* Exercise prompt *
Go to the line with "HOODED COAT" in the entries below and write out every line from there through the line with "Sandía tierna emoji", exactly and without pictures.

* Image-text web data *
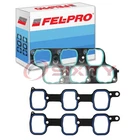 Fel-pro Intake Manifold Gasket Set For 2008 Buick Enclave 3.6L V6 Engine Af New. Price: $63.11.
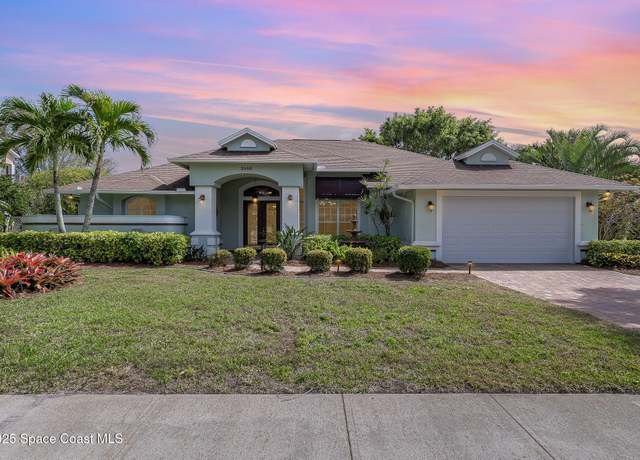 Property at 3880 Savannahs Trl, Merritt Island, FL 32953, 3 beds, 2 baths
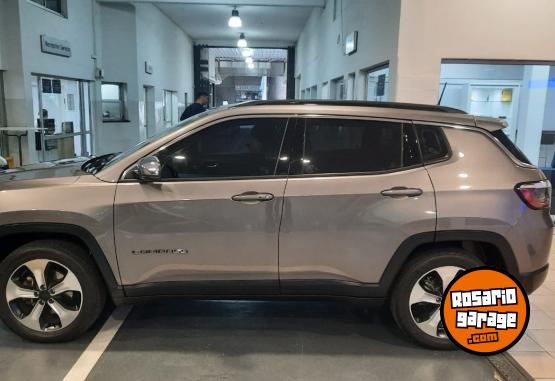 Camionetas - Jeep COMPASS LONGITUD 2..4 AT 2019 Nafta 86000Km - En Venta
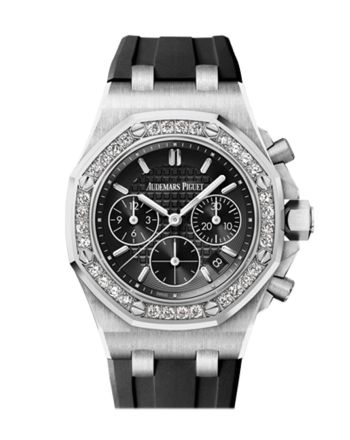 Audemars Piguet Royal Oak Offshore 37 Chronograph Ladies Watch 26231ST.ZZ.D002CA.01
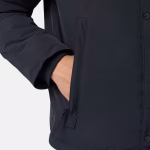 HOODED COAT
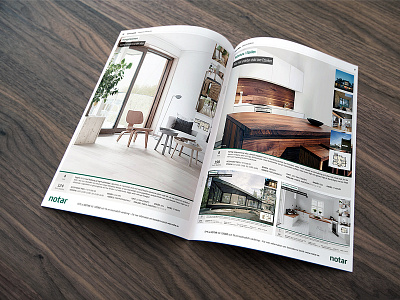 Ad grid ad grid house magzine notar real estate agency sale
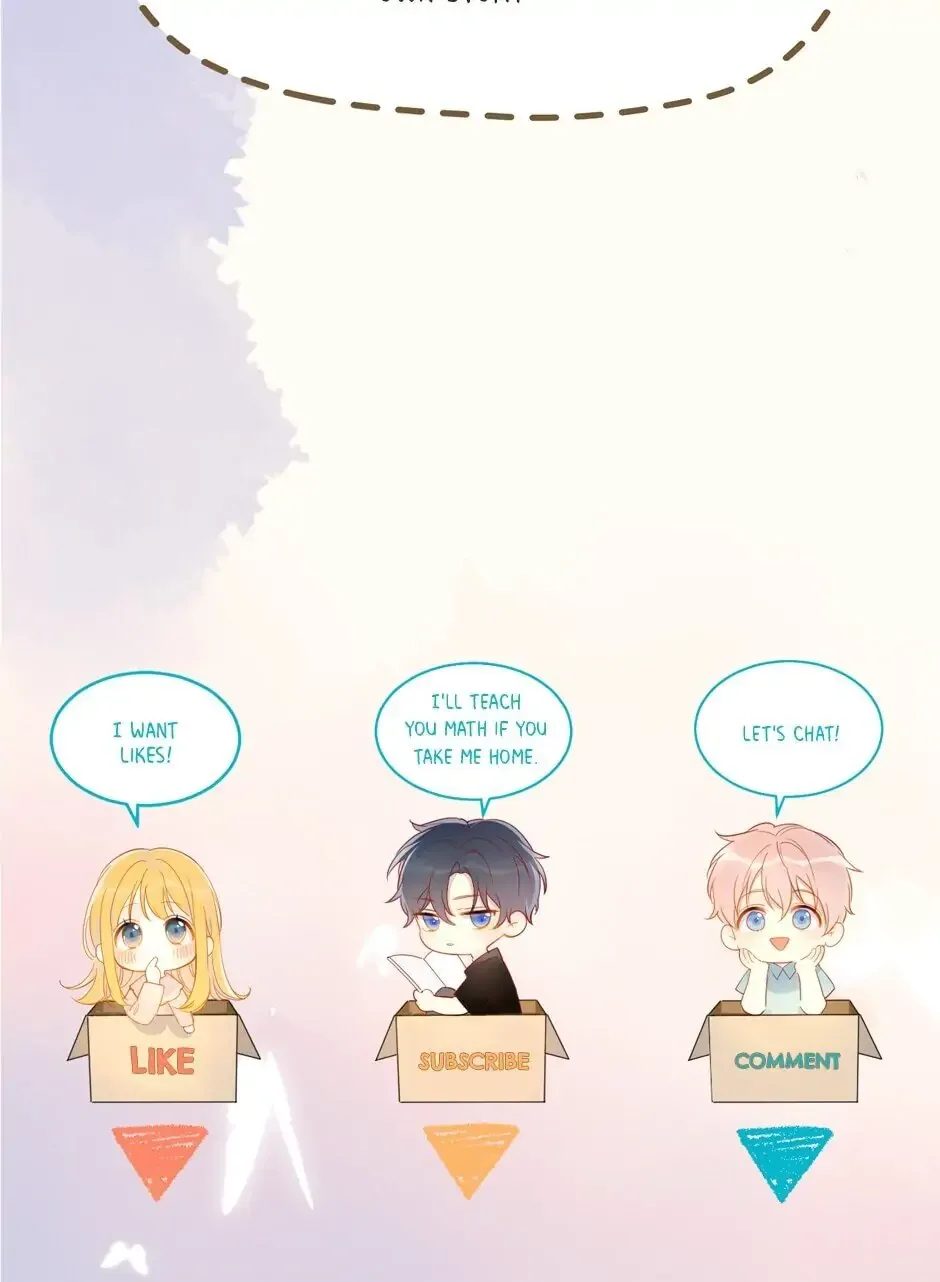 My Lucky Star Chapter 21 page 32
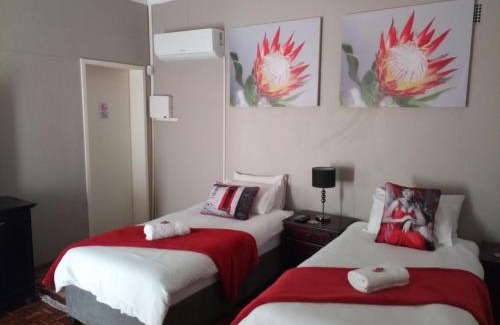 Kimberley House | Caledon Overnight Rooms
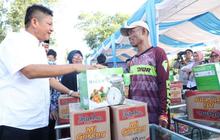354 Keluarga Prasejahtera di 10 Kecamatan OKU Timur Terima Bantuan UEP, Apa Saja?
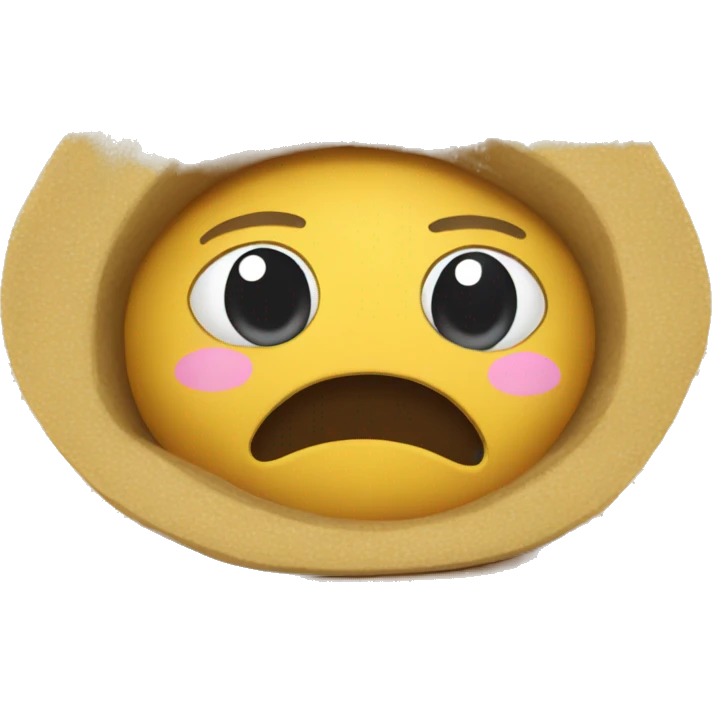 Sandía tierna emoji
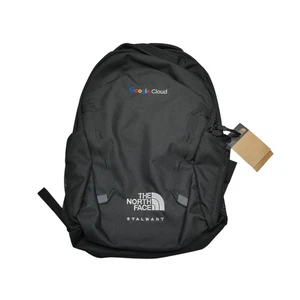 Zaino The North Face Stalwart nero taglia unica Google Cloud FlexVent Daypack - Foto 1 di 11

* Response to the exercise *
 HOODED COAT
 Ad grid ad grid house magzine notar real estate agency sale
 My Lucky Star Chapter 21 page 32
 Kimberley House | Caledon Overnight Rooms
354 Keluarga Prasejahtera di 10 Kecamatan OKU Timur Terima Bantuan UEP, Apa Saja?
 Sandía tierna emoji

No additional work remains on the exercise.